Sorgen im Studium: Die psychologische Beratung an der Universität Stuttgart

Beratung als Hilfestellung.

Psychologische Beratung als Hilfestellung. Copyright: Universität Stuttgart

Ab zum bzw. zur PsychologIn? Niemals, ich bin doch nicht verrückt. Das wird schon wieder, ich muss mich nur etwas mehr zusammenreißen. Was denken die anderen bloß von mir, wenn ich nicht mehr alleine klarkomme? Ich muss nur noch bis zum Ende des Semesters durchhalten, dann wird das schon wieder. Und überhaupt – welche beruflichen Konsequenzen folgen, wenn meine künftigen ArbeitgeberInnen davon erfahren? Mit solchen und ähnlichen Gedanken schlagen sich Studierende herum, wenn sie das erste Mal mit dem Begriff der psychologischen Beratung konfrontiert werden. So, wie einige den Gang zum Arzt bzw. zur Ärztin scheuen, so würden andere niemals freiwillig ihren Fuß in eine therapeutische Praxis setzen. Und das, obwohl sie dringend Hilfe bräuchten.

Doch weshalb ist das so? Die wachsende Zahl psychischer Erkrankungen in Deutschland kommt nicht nur dadurch zustande, dass ÄrztInnen und PsychologInnen leichtfertiger Diagnosen vergeben. Tatsächlich sind in den vergangenen Jahren mehr Menschen dazu bereit, sich aufgrund ihrer Sorgen, Ängste und in schwierigen Situationen fachliche Hilfe zu suchen. Allerdings hat eine Vielzahl von ihnen noch immer große Vorbehalte gegenüber den sogenannten „SeelenklempnerInnen“ bzw. „-doktorInnen“. Auch in den Köpfen vieler Studierender zählt der Gang zum bzw. zur PsychologIn zur beinahe letzten Möglichkeit in ausweglosen Situationen, etwa kurz vor dem physischen oder psychischen Zusammenbruch. Und auch dann wird eher nach einem prestigeträchtigeren Coaching geschielt, was nicht zuletzt mit dem Optimierungswahn unserer gegenwärtigen Gesellschaft zusammenhängt.

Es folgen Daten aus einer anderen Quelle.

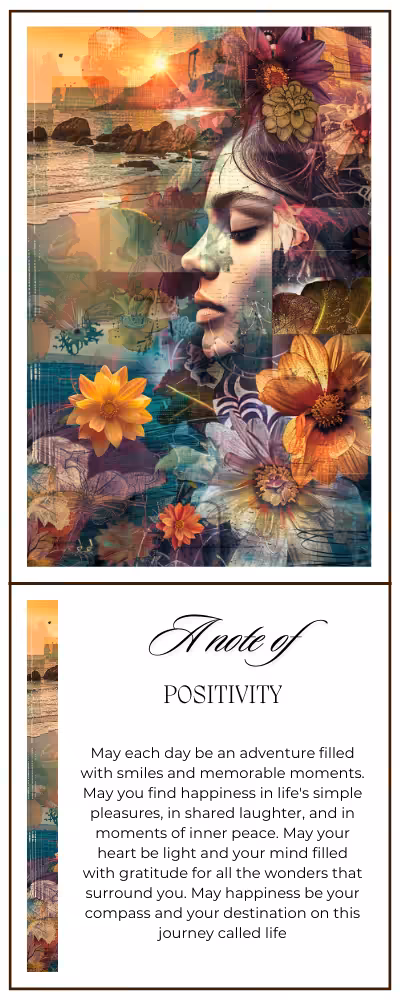POSITIVITY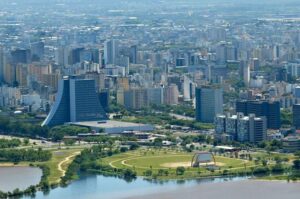 Porto Alegre sedia seminário gratuito sobre Gestão do Terceiro Setor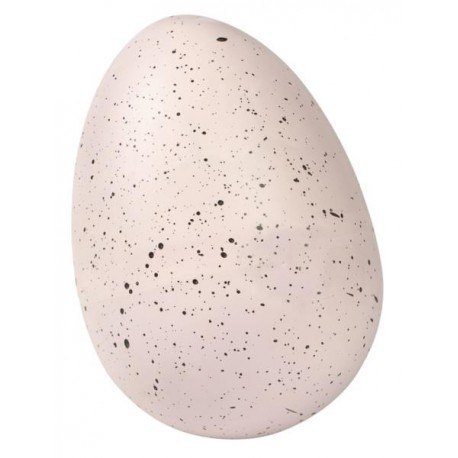 Jajko do wody xxl z rosnącym dinozaurem - eksperyment dla dziecka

Der Bedarf an psychologischer Beratung ist deutschlandweit vorhanden. Zahlreiche Studierende sind aufgrund ihrer persönlichen Situation, den Anforderungen des Studiums und/oder der Mehrfachbelastung durch Studium, Job und Familie überfordert. Nicht wenige brechen deshalb ihr Studium ab, weil sie weder aus noch ein wissen. Glücklicherweise reagieren immer mehr Universitäten auf den wachsenden Bedarf, indem sie universitäre psychologische Beratungsstellen einrichten und je nach Indikation auch bei der Vermittlung der passenden Therapie weiterhelfen.

An der Universität Stuttgart sind das die Diplom-Psychologin Petra Kucher-Sturm und der Diplom-Psychologe Rainer Sturm, die sich um die Anliegen – d. h. Sorgen, Fragen und Ängste –  der Studierenden kümmern.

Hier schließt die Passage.